== Material provided ==
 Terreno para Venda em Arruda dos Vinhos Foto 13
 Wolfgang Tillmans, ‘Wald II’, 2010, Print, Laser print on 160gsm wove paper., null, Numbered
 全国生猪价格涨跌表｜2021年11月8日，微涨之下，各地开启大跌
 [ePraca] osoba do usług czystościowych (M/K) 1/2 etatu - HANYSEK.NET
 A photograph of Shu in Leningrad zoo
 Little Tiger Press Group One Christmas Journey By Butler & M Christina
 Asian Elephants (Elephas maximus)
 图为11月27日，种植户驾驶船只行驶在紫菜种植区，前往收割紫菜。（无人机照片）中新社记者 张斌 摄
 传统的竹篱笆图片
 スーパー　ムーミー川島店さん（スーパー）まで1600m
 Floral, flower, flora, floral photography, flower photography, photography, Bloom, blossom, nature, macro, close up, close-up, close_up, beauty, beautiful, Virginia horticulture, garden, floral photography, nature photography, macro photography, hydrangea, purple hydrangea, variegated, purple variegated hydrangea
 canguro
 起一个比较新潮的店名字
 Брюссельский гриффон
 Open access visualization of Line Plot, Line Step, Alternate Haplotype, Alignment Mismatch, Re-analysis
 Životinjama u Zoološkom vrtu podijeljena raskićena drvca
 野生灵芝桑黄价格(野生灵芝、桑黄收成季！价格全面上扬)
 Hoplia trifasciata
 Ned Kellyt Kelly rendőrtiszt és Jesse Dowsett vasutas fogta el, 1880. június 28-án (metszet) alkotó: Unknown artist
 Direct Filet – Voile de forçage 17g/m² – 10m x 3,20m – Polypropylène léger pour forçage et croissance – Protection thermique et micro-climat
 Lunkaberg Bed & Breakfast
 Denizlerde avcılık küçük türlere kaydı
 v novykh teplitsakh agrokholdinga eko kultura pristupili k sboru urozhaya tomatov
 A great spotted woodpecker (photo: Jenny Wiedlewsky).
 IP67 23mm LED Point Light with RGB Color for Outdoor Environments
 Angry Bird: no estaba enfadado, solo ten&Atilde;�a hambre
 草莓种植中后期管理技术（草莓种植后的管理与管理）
===
- Task prompt -
None of the lines before the one containing "Lunkaberg Bed & Breakfast" belong in the answer; reproduce that line and all later lines of the records exactly.

- Written answer -
 Lunkaberg Bed & Breakfast
 Denizlerde avcılık küçük türlere kaydı
 v novykh teplitsakh agrokholdinga eko kultura pristupili k sboru urozhaya tomatov
 A great spotted woodpecker (photo: Jenny Wiedlewsky).
 IP67 23mm LED Point Light with RGB Color for Outdoor Environments
 Angry Bird: no estaba enfadado, solo ten&Atilde;�a hambre
 草莓种植中后期管理技术（草莓种植后的管理与管理）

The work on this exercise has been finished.